Et pour cause : il est plutôt rare qu'un avocat enfonce son client, publiquement de surcroît. Cette affaire est bien évidemment très éloignée de mon quotidien de consultante en communication pour des entreprises technologiques, mais un élément a pourtant retenu mon attention. Mis en porte-à-faux, l'avocat plaide "l'erreur de communication". Il prend ainsi la suite de Jean-Luc Mélenchon, François Fillon et bien d'autres. Il suffit de faire une rapide recherche sur Internet pour se convaincre que l'erreur de communication est devenue l'excuse à la mode.

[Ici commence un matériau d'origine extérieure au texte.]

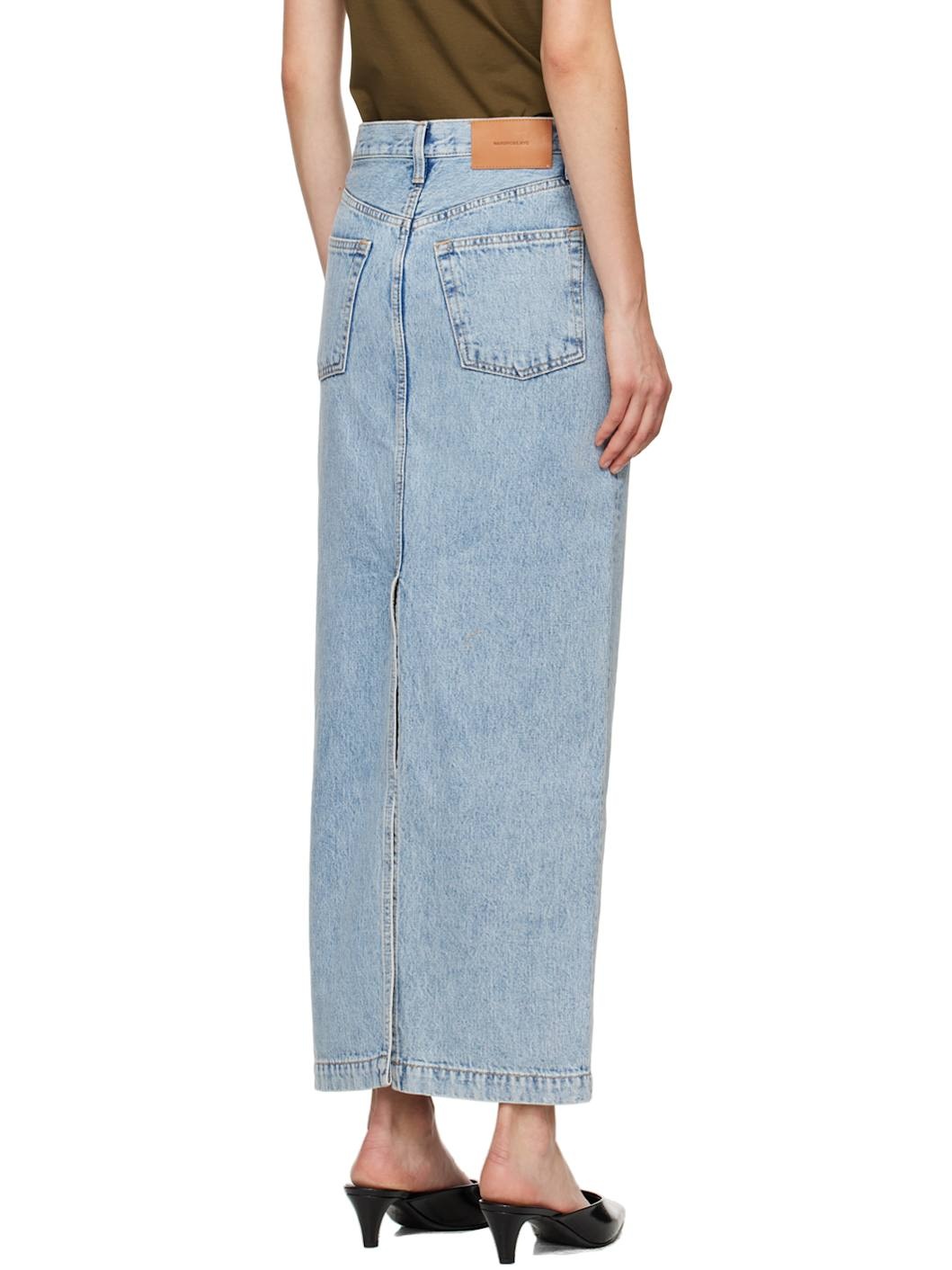 Blue Column Denim Maxi Skirt - 3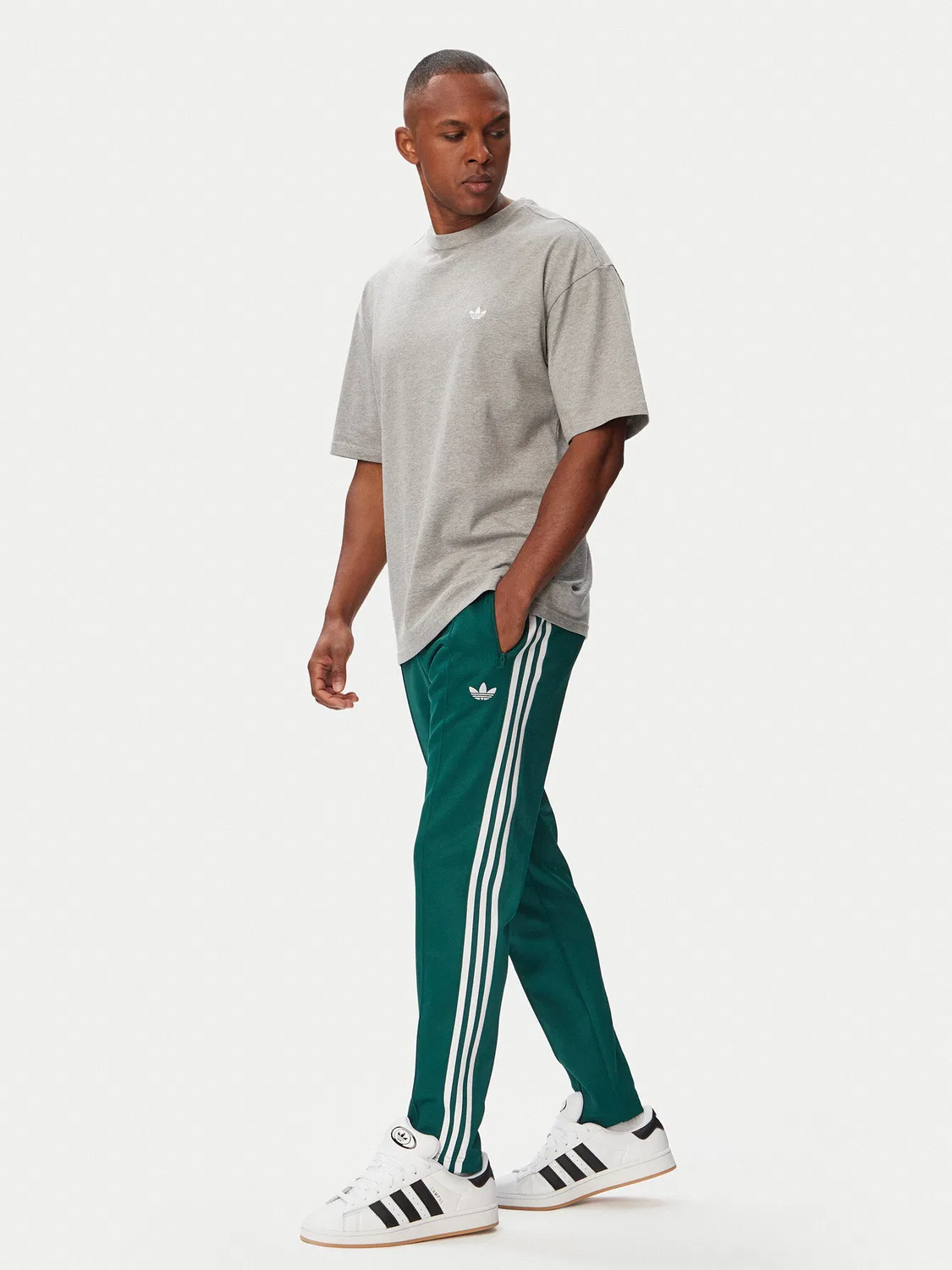 Мужские спортивные штаны стандартного кроя Beckenbauer Adidas, темно-зеленый — фото 2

Que se cache-t-il derrière cette expression ? Un peu de mensonge, beaucoup d'exagération mal assumée, toujours une bourde. Et trop souvent, une absence de regret, une volonté de diluer la responsabilité des propos tenus. Un jeu de dupes aussi, car finalement, il n'y a bien que celui qui invoque l'erreur de communication pour y croire.

Alors que le droit à l'oubli semble de moins en moins acquis, il est essentiel de pouvoir accepter le droit à l'erreur, la vraie, pas seulement l'erreur de communication. Dans le cas d'une entreprise ou d'une personne publique, vouloir noyer sa responsabilité dans un gloubi-boulga d'éléments de langage savamment travaillés a de grandes chances de provoquer l'inverse de l'effet recherché. La mission de la communication ne doit pas être de camoufler la vérité. A refuser de perdre la face, on peut parfois perdre bien plus.